What implications for the future of technology does the pandemic hold?
“Undoubtedly, I think there are wide reaching implications as a result of and beyond of the pandemic – for consumers, regulators, governments, and businesses alike. We’ve already talked about the impact on remote working, for example, and I consider the new normal will embrace a more flexible working week with office and home-based work and smaller offices per business and more use of technology to support virtual working as a result.
“In the consumer sector, we’re already seeing enhanced adoption of robotics in places like supermarkets and shopping centres (robot cleaning in Walmart or the K9 robot dog dispensing sanitizer in Bangkok shopping malls, for example) and accelerated use of drone deliveries to get much-needed supplies to people in hard-to-reach places. There are being developed to assist with social distancing as shops, pubs and restaurants reopen.
“Aside from the increased consumer receptiveness to new technology aiding its adoption, the need to embrace these new technologies has also fuelled much-needed progression with legislation and I expect the pandemic will accelerate the arrival of new legislation, particularly in relation to regulation of and guidance for use of specific technologies including AI, robotics and drones.

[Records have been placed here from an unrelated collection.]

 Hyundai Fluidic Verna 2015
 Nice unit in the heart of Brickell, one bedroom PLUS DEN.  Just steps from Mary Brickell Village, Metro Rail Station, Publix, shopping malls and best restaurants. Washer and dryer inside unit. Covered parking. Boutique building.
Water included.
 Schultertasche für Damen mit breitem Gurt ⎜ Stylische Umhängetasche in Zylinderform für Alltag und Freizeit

“The EU published a draft white paper on AI in Spring to set some rules around its use of AI, including for companies outside the EU looking to supply within it.
“The view of many is that it was quite protectionist / EU-focussed with key protection for data held within the EU by EU companies and government. Yet the pandemic has shown us that data sharing across the globe is critical in certain instances.
“I expect the pandemic will positively influence global coordination on such topics, as sharing data for global/social good is now starting to trump the monetary gain sought by protectionist measures of keeping data within businesses and governments at times. In all of this, we must of course protect the individuals’ personal data to a sensible degree though. It is a balancing act.
“We needed a catalyst to ready our laws, businesses and ourselves to truly benefit from AI’s progression and the potential societal benefits it can bring. One of this grim pandemic’s silver linings and legacies may be just that.”